## Exercise aim
Copy out all of the material. Every line must match the original.

## Given records

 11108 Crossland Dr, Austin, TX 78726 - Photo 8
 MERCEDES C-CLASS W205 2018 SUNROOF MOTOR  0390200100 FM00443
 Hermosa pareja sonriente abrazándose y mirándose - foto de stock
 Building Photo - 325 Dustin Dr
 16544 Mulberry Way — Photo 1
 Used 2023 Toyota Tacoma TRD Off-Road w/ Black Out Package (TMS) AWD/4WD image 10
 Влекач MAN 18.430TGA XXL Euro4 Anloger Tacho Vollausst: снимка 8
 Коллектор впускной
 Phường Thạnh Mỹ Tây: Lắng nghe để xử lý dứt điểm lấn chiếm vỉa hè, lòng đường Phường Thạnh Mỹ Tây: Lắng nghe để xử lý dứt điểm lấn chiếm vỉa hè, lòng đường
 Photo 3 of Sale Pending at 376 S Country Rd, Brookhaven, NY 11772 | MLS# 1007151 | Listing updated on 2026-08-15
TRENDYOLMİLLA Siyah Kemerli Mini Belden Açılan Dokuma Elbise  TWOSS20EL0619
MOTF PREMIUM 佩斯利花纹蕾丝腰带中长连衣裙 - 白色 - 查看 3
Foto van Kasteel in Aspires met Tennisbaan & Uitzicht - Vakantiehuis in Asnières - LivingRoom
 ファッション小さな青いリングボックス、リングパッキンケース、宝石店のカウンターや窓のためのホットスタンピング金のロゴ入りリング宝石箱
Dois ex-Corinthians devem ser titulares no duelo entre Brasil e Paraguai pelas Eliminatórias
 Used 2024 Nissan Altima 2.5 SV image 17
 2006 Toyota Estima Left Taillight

## Response box
 11108 Crossland Dr, Austin, TX 78726 - Photo 8
 MERCEDES C-CLASS W205 2018 SUNROOF MOTOR  0390200100 FM00443
 Hermosa pareja sonriente abrazándose y mirándose - foto de stock
 Building Photo - 325 Dustin Dr
 16544 Mulberry Way — Photo 1
 Used 2023 Toyota Tacoma TRD Off-Road w/ Black Out Package (TMS) AWD/4WD image 10
 Влекач MAN 18.430TGA XXL Euro4 Anloger Tacho Vollausst: снимка 8
 Коллектор впускной
 Phường Thạnh Mỹ Tây: Lắng nghe để xử lý dứt điểm lấn chiếm vỉa hè, lòng đường Phường Thạnh Mỹ Tây: Lắng nghe để xử lý dứt điểm lấn chiếm vỉa hè, lòng đường
 Photo 3 of Sale Pending at 376 S Country Rd, Brookhaven, NY 11772 | MLS# 1007151 | Listing updated on 2026-08-15
TRENDYOLMİLLA Siyah Kemerli Mini Belden Açılan Dokuma Elbise  TWOSS20EL0619
MOTF PREMIUM 佩斯利花纹蕾丝腰带中长连衣裙 - 白色 - 查看 3
Foto van Kasteel in Aspires met Tennisbaan & Uitzicht - Vakantiehuis in Asnières - LivingRoom
 ファッション小さな青いリングボックス、リングパッキンケース、宝石店のカウンターや窓のためのホットスタンピング金のロゴ入りリング宝石箱
Dois ex-Corinthians devem ser titulares no duelo entre Brasil e Paraguai pelas Eliminatórias
 Used 2024 Nissan Altima 2.5 SV image 17
 2006 Toyota Estima Left Taillight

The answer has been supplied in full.